Conversational customer service is a strategy focused on establishing customer connections through natural conversations. Technologies like artificial intelligence (AI) and machine learning (ML) are deployed to understand customer intent and provide responses that mimic human conversations.

You can use chatbots and voice-based technologies to have conversations with customers.  

As more and more customers expect brands to go beyond transactional relationships, conversational customer service helps improve customer engagement and retention.  

Let's find out how it can benefit the brands and customers and what brands can do to implement it.  

But before that, let's understand why moving away from traditional customer service is important.  

Traditional vs. conversational customer service

Traditional customer service is typically rigid. Agents follow pre-written scripts or workflows, which can limit their ability to respond to customer needs in a personalized or empathetic way. Conversational customer service uses technologies like artificial intelligence (AI) to create natural and engaging interactions between customers and businesses. Take a look at the following example.

Traditional customer interaction vs. conversational AI interaction

Other aspects make conversational customer service more effective than the traditional one. 

Feature 

Traditional Customer Service 

Conversational Customer Service 

Communication Style 

Often formal and scripted 

Natural, conversational, and personalized 

Channels 

Primarily phone, email, in-person 

Multichannel: chat, social media, messaging apps 

Response Time 

May involve wait times and delayed responses 

Real-time or near-real-time interactions 

Customer Interaction 

One-way communication from business to customer 

Interactive, two-way communication 

Personalization 

Limited personalization 

Highly personalized based on customer data 

Automation 

Limited automation with basic IVR systems 

Utilizes advanced chatbots and AI for automation 

Proactive Engagement 

Reactive - responds to customer inquiries 

Proactive - initiates conversations and offers support 

Customer Experience 

May vary in consistency and quality 

Consistently focused on enhancing customer experience 

Scalability 

May face challenges scaling with growing customer demands 

Easily scalable, adapts to varying workloads 

Benefits of conversational customer service 

Customers expect prompt and efficient service. Conversational customer service can help you meet these expectations by providing customers with immediate access to information and support. It can automate repetitive tasks and aid customer service agents in being responsive and delivering a smooth experience to customers. 

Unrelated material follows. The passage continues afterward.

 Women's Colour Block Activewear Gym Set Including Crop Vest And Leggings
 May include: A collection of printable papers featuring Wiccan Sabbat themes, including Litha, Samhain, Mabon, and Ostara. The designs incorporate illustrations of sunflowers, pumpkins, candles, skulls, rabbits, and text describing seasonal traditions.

Conversational customer service can also help you in: 

1. Improved customer service

Conversational customer service is a more convenient and engaging way of delivering customer service.

It allows customers to engage with your agents using their preferred customer service channels, such as chat, messaging, or social media. They can interact with your agents or chatbots on their own time without having to wait on hold or navigate complex phone menus.

More importantly, technologies like AI and ML-based solutions conversational customer service solutions can help your agents understand customer preferences and provide tailored support experiences. For example, it can remember a customer's past interactions and provide relevant information or recommendations.

2. Reduced costs

Gartner predicts that tools like conversational AI can reduce labor costs by 80%.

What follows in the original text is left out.